Case Western Reserve University
Department of Geological Sciences
Supporting Stations: McMurdo Station
Research Locations: Miller Range
Since 1976, the Antarctic Search for Meteorites (ANSMET) has found more than 17,000 specimens. Meteorites do not fall preferentially on Antarctica; they are just easier to find on the white snow- and ice-scapes and because the ice transport and ablation process leads to accumulation in certain areas. This season, ANSMET will conduct full scale systematic meteorite recovery from the Miller Range (MIL) Icefields in the Transantarctic Mountains, as well as systematic recovery in the Elephant Moraine (EET) ice fields northwest of McMurdo. Five previous seasons of systematic searching as well as several shorter reconnaissance visits at MIL have resulted in the recovery of nearly 2800 meteorite specimens from these icefields, including many rare meteorites such as martian and lunar samples.
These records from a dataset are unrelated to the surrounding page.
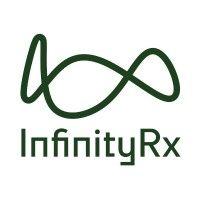 infinityrx logo image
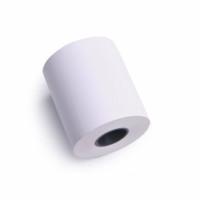 KT 55 F20 E CT S281L USB Thermopaper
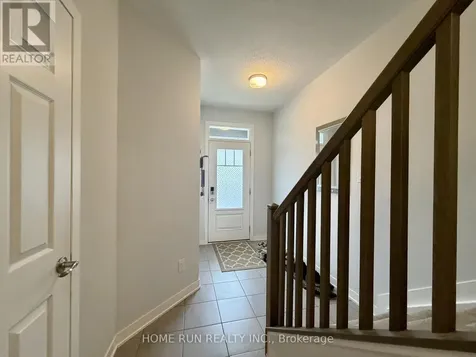 216 Billrian Cres Crescent Ottawa ON K2S 3A6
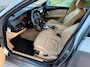 BMW 5-Serie Touring 520i Corporate Lease Business Line AUTOM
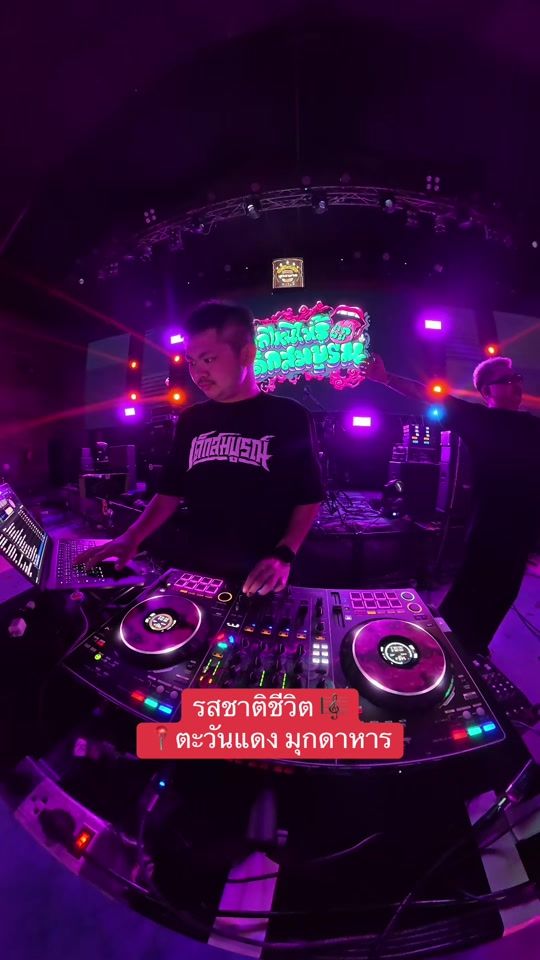 TikTok video thumbnail by tomphongsathorn123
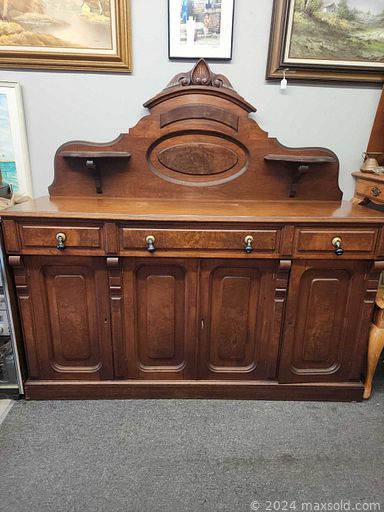 Auction 117875 (3 of 4)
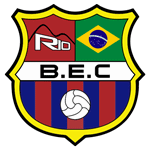 Barcelona RJ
A large region of blue ice remains unsearched, mostly around a larger icefield on the southern end of the range, as well as some smaller ice fields in the north MIL area, and the field team will attempt to cover as much of this as area as possible through overlapping systematic transects.
Field Season Overview:
Eight field team members will live in Scott tents and conduct searches on snowmobiles. LC130 will take the team and its gear Central Trans Antarctic Mountain (CTAM) camp and then they will be shuttled by Twin Otter out to Miller Range. Once in the field, the team will generally be self-sufficient, with at least two resupply flights in mid-season. The field season is expected to last about six weeks.